Wednesday 30 July 2008

El llano en llamas

Durango, México. Fotografia de Olivier Alex.

Ontem fui despedir-me do Alejandro. Mastiguei esse verbo pelo caminho e resolvi não pensar demasiado nele, nem na partida iminente. Voltava ao México natal, um regresso que se adivinhava já pela falta da documentação essencial para continuar a residir na Europa. Voltava na manhã seguinte ao seu llano en llamas, a planície em chamas do interior sobre a qual escreveu Juan Rulfo. Uma certa impotência ronda-nos sempre nestes momentos, uma vontade interior de querer mudar o rumo das coisas, de poder gritar ou imaginar alternativas. Mas morre-nos na garganta. E no olhar. Um dia as nossas vidas cruzam-se. Mais tarde ou mais cedo, separam-se, quem entra numa vida sai dela também. Olhava-o enquanto ele falava do que iria ser o dia seguinte, e os dias que se seguiriam a esse. Em algum momento conhecemos as pessoas que nos marcam para sempre, e quando sabemos que as vamos perder é como se gravássemos na memória o máximo de informação possível, para que nunca desapareçam verdadeiramente. Depois vieram os copos, os brindes, as canções, as mentiras que dissemos entre todos... porque nestas ocasiões os amigos mentem acreditando que dizem a verdade. Com cada adeus a sensação é a mesma, passam meses e anos, e as noites são como poços de esperança de encontrar quem já passou, e as tardes nada mais que caminhos cheios de ausências. Mas há que dormir nessas noites e caminhar nesses caminhos e encontrar a força nos abraços, e ter a certeza definitiva de que estivémos juntos alguma vez, cruzando a planície em chamas.

Wednesday 23 July 2008

I'm the Grinderman, yes I am...

Grinderman, Summercase 2008, Barcelona. Fotografia de Quique.

"I'm the grinderman
In the silver rain
In the pale moonlight
I am open late
Yes I'm the grinderman
Seven days a week
In the pale moonlight
In the silver rain
Yes I'm the grinderman
Yes I am
Any way I can"



Nick Cave e a sua outra banda Grinderman. O poder solto em palco. A magnificiência de um artista completo. Há anos que não recordava ver um frontman como Nick Cave no Sábado passado. Ninguém diria que já vai nos 51 anos. E eu, como um puto, aos saltos e a cantar o tempo todo, de t-shirt , jeans rotos, os Puma laranja e a pulseira do festival. Pensei "Parece que tenho 17 anos!", mas deixei-me levar na torrente musical dos Grinderman e, abraçado aos meus amigos, saltamos e gritamos bem alto "kick those baboons and other motherfuckers out". Nick rules.

Monday 14 July 2008

Sinais

Parque Güell, Barcelona, Julho de 2008. Fotografia de K.

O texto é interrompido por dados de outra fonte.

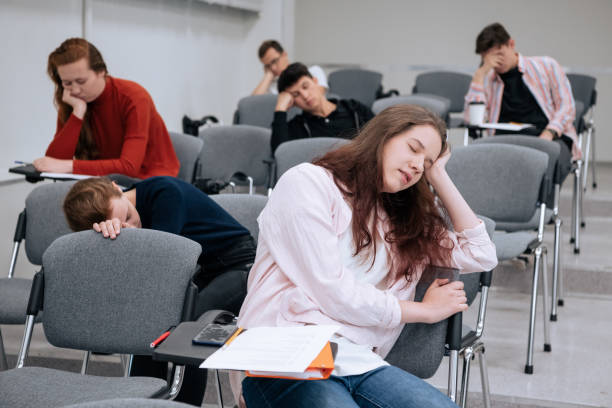 A lazy student sleeps on a desk during a boring lecture at a university or college. Fatigue from classes A lazy student sleeps on a desk during a boring lecture at a university or college. Fatigue from classes. male college student sleeping through lecture stock pictures, royalty-free photos & images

O silêncio do calor abatia-se sobre o parque, e dançava no ar o aroma a estio, flores e terra seca. Naquela palmeira fui procurar outro Verão, busquei o coração mal desenhado, gravado anos atrás naquele mesmo sítio. Um desenho e dois nomes numa praia de madeira em constante transformação, um corpo vivo e sulcado por um canivete, há tanto tempo, a primeira vez que ali estive. Já eram quase imperceptíveis, como se os tivéssemos gravado numa duna com os nossos dedos. O ir e vir de cada estação e o movimento vibrante da seiva haviam arrastado as nossas letras, os desenhos e os sentimentos quase naifs, até que se perderam nos labirintos da eternidade. Eternamente tragados no turbilhão do tempo e nas veias de uma palmeira, no vórtice sem fim de tudo o que se passou naquele parque, entre o sol de outras eras e os sonhos de Gaudí.